Sheila and David Epstein are accumulating properties faster than Donald Trump. While the appreciation factor of their buildings is more modest, it's not insignificant. Along with such icons as the Eiffel Tower and the Capitol building in Washington, D.C., the semiretired Woodland Hills residents number their holdings at about 1,000 sites--souvenir building replicas produced since 1910.
Their L.A. landmarks include the Capitol Records building, City Hall and Griffith Observatory. New York City is also well represented, with sites such as the Statue of Liberty (they have 40 versions), Empire State Building, Flatiron Building and the Guggenheim Museum. A good portion of the collection consists of souvenir bank buildings. Most are made of cast pot metal--a stew of zinc, copper, aluminum and other metals.
The replicas hail from throughout the United States, from Alaska Mutual Savings Bank to Ford City Bank in Chicago to Tallahassee Federal Savings. "The ones from the '60s and '70s especially give a good idea of what suburban banks looked like," says David. "It's a good architectural history lesson."
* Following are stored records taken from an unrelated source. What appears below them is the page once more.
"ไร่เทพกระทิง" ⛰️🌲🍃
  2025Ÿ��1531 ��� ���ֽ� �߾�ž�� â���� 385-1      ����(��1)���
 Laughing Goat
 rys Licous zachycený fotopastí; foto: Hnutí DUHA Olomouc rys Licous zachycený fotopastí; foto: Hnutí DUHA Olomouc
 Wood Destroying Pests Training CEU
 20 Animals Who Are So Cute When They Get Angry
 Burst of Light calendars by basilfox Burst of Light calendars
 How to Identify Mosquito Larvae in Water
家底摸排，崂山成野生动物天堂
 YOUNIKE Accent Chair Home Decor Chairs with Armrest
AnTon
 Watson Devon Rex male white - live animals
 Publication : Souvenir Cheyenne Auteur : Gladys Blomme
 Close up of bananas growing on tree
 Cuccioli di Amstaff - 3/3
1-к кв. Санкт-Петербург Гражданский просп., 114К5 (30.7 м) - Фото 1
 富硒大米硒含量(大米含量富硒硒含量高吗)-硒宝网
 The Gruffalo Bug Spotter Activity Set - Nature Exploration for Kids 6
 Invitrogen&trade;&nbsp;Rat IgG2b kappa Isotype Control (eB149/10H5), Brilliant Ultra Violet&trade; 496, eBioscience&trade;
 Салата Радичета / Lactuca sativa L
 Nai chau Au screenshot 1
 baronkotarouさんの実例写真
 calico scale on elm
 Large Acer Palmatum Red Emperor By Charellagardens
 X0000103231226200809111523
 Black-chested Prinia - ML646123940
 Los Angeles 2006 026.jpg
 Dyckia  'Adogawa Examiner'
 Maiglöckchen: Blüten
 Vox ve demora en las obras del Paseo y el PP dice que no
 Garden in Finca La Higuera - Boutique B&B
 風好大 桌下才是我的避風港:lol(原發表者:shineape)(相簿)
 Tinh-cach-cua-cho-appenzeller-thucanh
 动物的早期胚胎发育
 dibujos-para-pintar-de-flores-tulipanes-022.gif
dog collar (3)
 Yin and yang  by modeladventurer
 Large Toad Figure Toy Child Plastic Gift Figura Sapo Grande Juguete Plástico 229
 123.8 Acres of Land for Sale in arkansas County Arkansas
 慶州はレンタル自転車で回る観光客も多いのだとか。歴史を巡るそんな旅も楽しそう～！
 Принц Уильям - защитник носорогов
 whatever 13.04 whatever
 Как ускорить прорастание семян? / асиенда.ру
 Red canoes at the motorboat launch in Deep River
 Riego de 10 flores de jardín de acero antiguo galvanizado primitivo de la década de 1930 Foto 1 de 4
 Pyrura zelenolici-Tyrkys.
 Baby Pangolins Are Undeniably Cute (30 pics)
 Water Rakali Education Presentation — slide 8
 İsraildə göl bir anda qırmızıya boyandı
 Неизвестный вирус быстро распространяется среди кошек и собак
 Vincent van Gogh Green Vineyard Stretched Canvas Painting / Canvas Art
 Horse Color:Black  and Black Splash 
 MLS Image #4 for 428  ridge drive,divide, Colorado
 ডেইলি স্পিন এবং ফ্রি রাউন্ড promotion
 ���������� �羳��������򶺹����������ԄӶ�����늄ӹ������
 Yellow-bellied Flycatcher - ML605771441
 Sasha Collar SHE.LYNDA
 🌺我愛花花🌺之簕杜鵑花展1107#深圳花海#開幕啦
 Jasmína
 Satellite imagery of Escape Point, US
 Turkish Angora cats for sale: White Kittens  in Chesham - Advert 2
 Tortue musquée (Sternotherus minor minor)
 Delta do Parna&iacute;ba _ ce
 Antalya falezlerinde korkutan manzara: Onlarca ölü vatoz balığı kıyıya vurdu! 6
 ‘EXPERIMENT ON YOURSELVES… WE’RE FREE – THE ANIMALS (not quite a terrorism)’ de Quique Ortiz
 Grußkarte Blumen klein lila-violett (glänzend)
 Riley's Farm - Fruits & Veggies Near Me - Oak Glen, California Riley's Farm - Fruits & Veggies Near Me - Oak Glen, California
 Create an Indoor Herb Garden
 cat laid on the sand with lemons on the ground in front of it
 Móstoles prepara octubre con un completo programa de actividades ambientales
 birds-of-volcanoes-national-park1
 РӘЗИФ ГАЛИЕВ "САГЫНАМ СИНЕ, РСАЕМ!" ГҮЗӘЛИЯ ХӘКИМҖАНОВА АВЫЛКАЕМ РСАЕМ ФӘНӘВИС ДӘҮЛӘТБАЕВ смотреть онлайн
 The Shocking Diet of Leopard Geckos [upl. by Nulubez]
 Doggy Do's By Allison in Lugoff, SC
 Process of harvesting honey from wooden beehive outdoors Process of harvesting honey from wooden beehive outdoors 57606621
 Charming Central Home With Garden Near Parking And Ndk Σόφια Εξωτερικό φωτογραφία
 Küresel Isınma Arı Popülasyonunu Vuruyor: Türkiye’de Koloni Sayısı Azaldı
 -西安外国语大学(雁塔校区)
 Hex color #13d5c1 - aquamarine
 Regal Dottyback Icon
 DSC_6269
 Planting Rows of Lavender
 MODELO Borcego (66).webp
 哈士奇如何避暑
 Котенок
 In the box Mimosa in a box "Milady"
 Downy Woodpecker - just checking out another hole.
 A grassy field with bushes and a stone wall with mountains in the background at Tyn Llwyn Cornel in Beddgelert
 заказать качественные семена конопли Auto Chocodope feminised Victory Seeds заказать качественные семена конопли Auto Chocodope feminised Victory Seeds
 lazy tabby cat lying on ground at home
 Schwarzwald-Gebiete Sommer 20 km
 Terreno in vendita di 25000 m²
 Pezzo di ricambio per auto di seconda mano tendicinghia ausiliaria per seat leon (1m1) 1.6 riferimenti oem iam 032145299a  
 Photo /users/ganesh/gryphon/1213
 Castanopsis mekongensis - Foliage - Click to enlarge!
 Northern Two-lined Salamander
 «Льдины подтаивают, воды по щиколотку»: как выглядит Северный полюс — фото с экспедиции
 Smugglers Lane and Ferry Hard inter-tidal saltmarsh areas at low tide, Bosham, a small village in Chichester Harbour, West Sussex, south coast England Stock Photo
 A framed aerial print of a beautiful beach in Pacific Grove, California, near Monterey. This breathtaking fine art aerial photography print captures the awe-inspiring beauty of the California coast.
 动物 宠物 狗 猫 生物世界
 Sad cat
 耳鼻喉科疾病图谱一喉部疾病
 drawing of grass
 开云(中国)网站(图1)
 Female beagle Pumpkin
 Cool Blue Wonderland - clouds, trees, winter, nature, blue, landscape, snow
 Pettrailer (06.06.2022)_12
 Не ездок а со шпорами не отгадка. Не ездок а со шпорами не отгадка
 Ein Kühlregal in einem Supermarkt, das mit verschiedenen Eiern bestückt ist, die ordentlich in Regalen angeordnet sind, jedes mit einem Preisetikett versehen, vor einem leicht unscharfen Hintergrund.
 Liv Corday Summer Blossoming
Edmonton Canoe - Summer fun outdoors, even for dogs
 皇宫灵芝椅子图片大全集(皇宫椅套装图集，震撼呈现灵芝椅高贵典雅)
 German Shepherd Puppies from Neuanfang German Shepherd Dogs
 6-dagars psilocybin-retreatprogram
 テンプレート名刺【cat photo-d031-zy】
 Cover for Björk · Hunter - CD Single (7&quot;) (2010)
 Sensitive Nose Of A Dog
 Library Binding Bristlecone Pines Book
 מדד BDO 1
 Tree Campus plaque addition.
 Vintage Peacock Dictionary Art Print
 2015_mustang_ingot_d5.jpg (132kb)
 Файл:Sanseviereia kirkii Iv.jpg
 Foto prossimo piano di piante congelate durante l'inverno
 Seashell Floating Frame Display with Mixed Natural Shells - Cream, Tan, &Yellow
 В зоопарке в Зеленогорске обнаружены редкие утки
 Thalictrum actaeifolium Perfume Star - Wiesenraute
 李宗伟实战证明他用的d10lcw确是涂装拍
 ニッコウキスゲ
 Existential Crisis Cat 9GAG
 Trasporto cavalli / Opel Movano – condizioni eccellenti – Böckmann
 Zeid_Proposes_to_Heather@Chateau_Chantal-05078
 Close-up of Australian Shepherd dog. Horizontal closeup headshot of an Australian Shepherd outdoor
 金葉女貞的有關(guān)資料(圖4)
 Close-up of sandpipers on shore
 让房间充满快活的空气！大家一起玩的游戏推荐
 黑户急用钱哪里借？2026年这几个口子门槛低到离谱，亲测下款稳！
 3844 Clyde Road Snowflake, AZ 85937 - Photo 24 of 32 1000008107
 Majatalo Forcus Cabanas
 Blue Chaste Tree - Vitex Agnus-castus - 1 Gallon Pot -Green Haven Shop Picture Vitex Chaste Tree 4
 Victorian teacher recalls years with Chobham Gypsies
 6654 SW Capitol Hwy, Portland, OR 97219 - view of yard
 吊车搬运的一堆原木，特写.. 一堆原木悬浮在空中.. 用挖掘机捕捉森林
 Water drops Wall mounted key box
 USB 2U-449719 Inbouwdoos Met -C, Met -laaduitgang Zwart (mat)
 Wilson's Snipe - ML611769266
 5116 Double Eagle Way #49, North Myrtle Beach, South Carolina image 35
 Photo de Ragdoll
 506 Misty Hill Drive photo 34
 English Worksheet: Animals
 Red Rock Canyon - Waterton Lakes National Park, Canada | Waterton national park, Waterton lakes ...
Experts agree. "Souvenir buildings . . . offer something like an alternative, shadow history of architecture," note Margaret Majua and David Weingarten in their book "Souvenir Buildings Miniature Monuments: From the Collection of Ace Architects.'' "This history is popular, rather than academic. It is largely unconcerned with period, place, style and the inexorability of progress; instead it focuses on the range of buildings people have thought remarkable, important, appealing and worthy of a souvenir."